### TASK BRIEF
The result is the exact lines from the one containing "07.09.2025 - 19." through the final line of the entries; leave out the pictures.

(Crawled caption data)

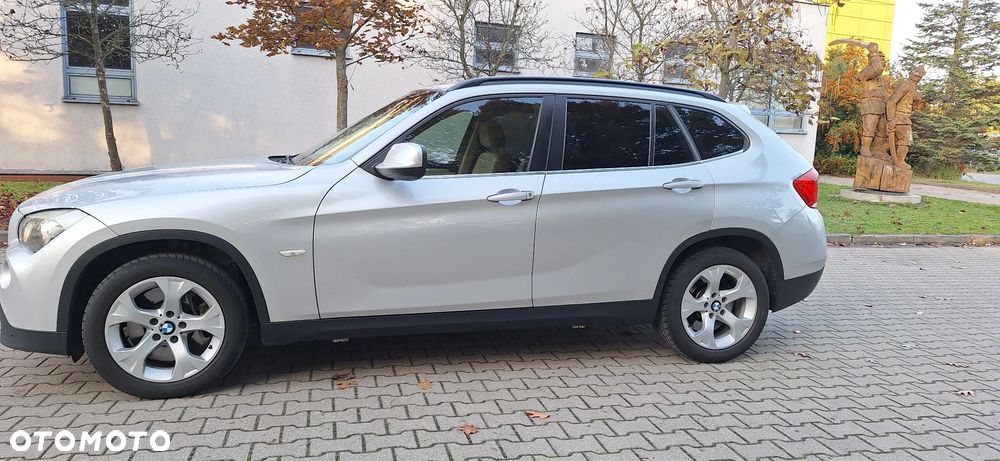 BMW X1 xDrive28i - 5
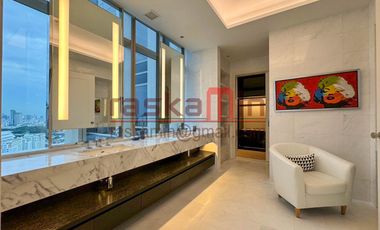 Ultra-Luxurious 4-Bedrooms, 4-Bathrooms Riverfront Residence at Four Seasons Private Residences Bangkok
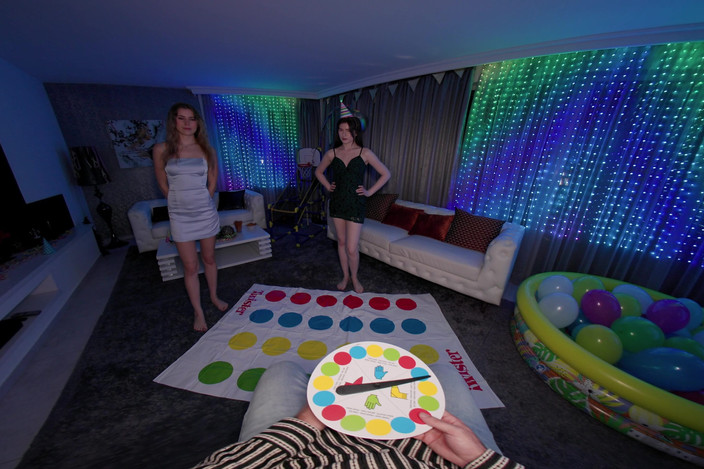 VR pornnow: Twist Me Baby Starring Hot Pearl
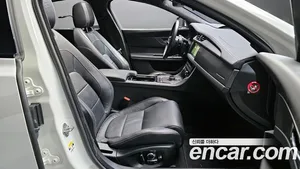 Jaguar XF, 2016 — миниатюра 11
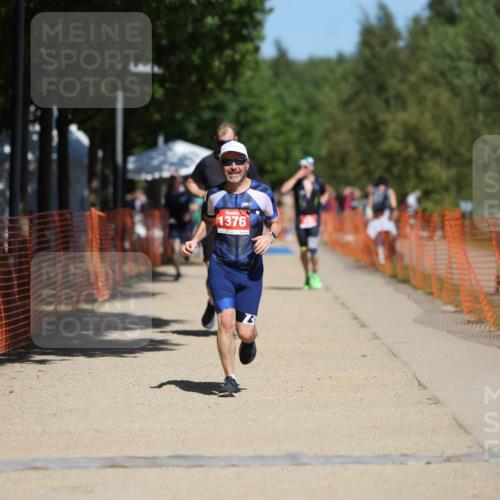 07.09.2025 - 19. Norderstedt Triathlon Michael Strokosch http://msf.ph/oto/8795622 07.09.2025 13:01:24 Laufen 177, 1376 meine-sportfotos.de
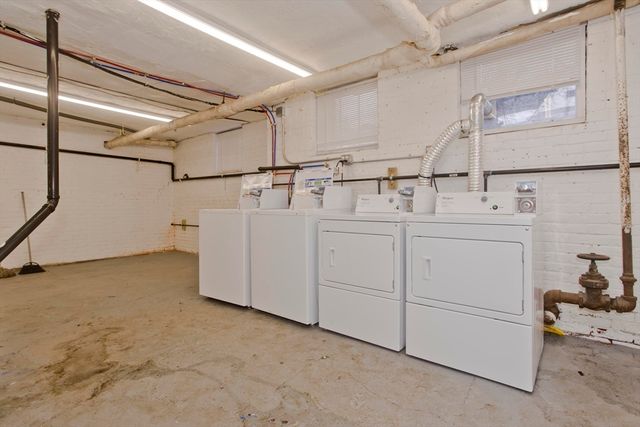 228 Belmont Ave, Springfield, MA 01108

### RESULT OF THE EXERCISE
 07.09.2025 - 19. Norderstedt Triathlon Michael Strokosch http://msf.ph/oto/8795622 07.09.2025 13:01:24 Laufen 177, 1376 meine-sportfotos.de
 228 Belmont Ave, Springfield, MA 01108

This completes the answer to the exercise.